Special Issue Information

Dear Colleagues,

In many places, in practice, health law has become dominated by personal injury litigation. The effect of this has been that potential legal issues in healthcare related to human rights have become invisible. The widespread development of patient codes of rights could be seen as a step forward. Alternatively, it could signal that healthcare practitioners do not always practice in a patient-centred, caring and rights-respecting manner.
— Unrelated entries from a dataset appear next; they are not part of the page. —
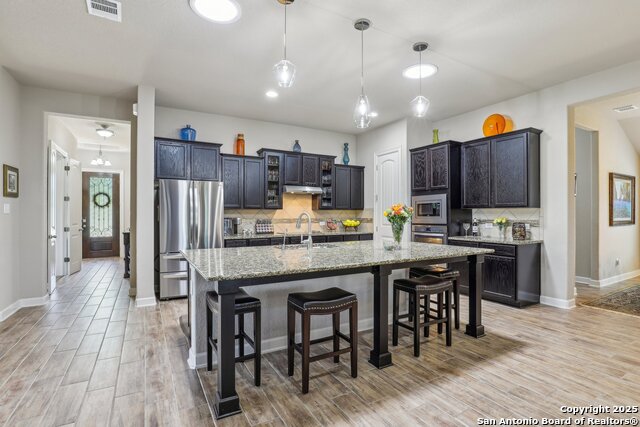 Listing photo id 22 for 1047 Daylan Heights
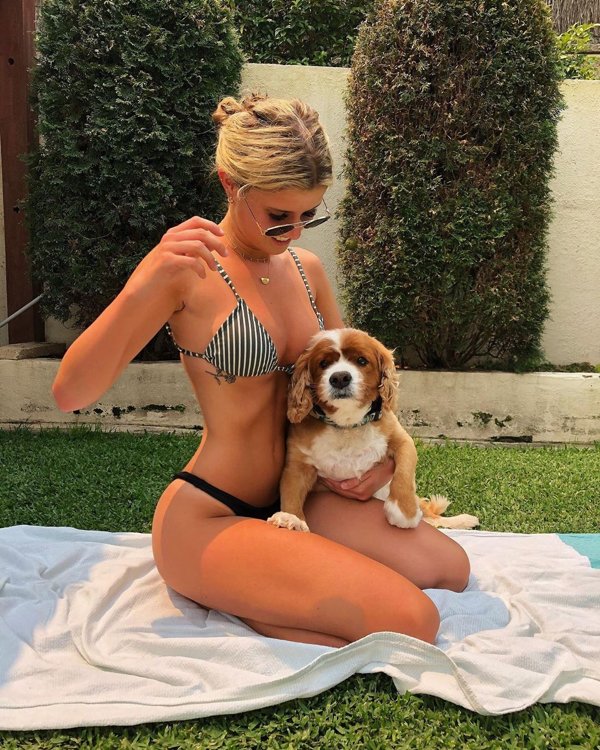 29 Hot Girls With Puppies 14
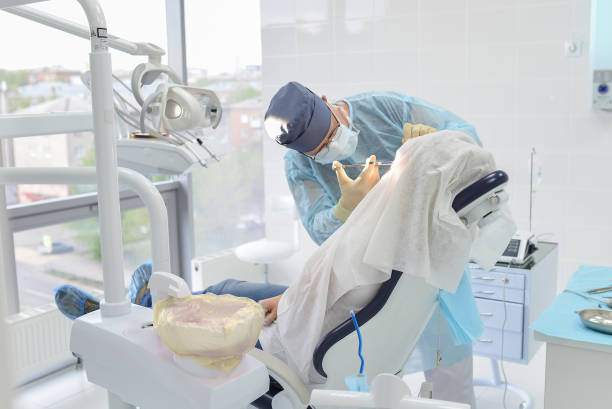 Best Tooth Infection Emergency Dentist  in Rpinteria, CA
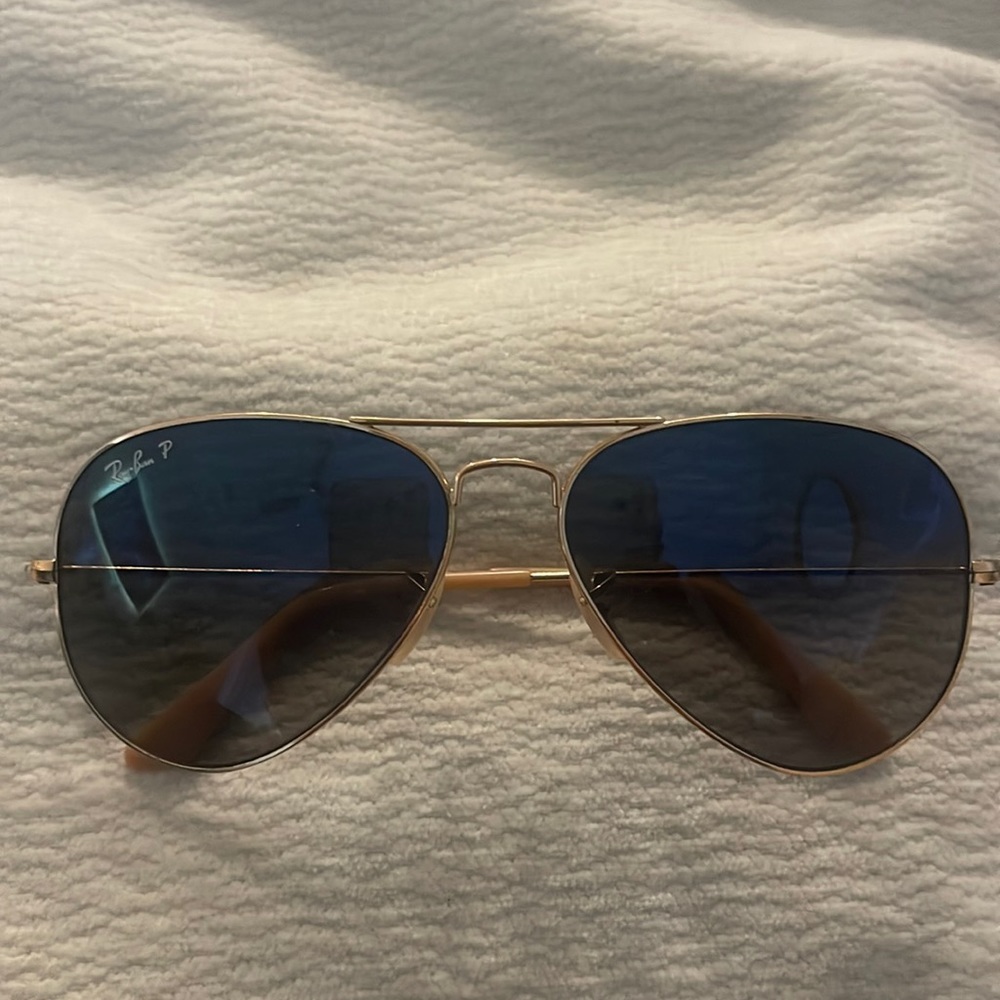 AVIATOR RAYBANS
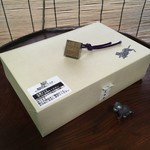 虎屋菓寮 - このシール留めが嬉しい。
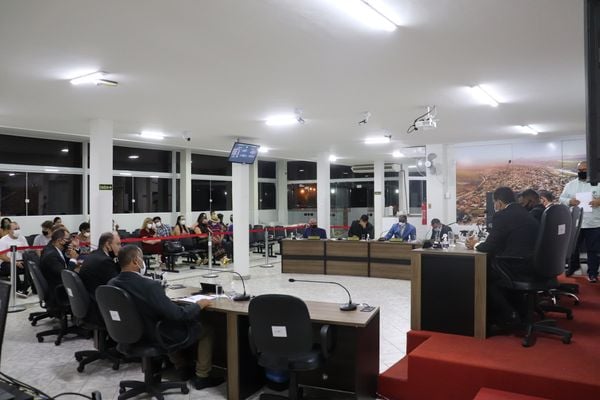 Câmara Municipal de Baixo Guandu votou aumento do salário de prefeito, vice-prefeito, secretários municipais e vereadores.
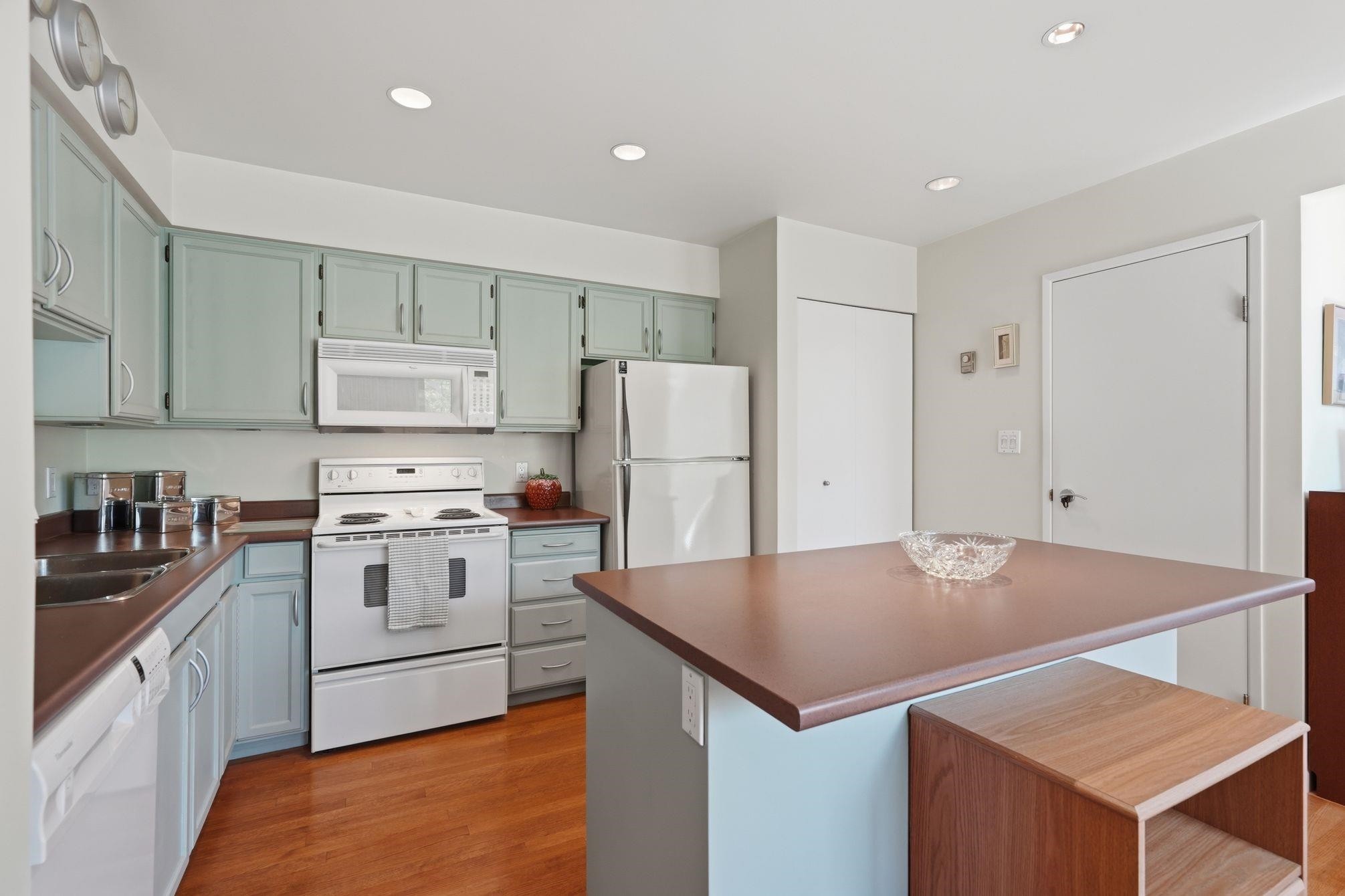 1344 7Th Avenue W, Vancouver, BC - Indoor Photo Showing Kitchen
By viewing (and regulating) healthcare through the lense of human rights, it can be argued that healthcare becomes more focused on the individual and that cultures of paternalistic decision-making can be challenged. On the other hand, it is also arguable that a rights perspective replaces one litigious approach with another, and that healthcare is better viewed through the lense of an ethics of care, or relationships of mutual trust and respect. These approaches may also challenge the consumer-provider model that is typical in many healthcare contexts as undermining therapeutic relationships.

This Special Issue focuses on the relationship between health law and human rights law. What are the advantages and disadvantages of a human rights law approach to healthcare regulation? How do human rights affect the parametres of the duty of care? What areas of healthcare exhibit human rights issues? How does the right to health play out in a practical context?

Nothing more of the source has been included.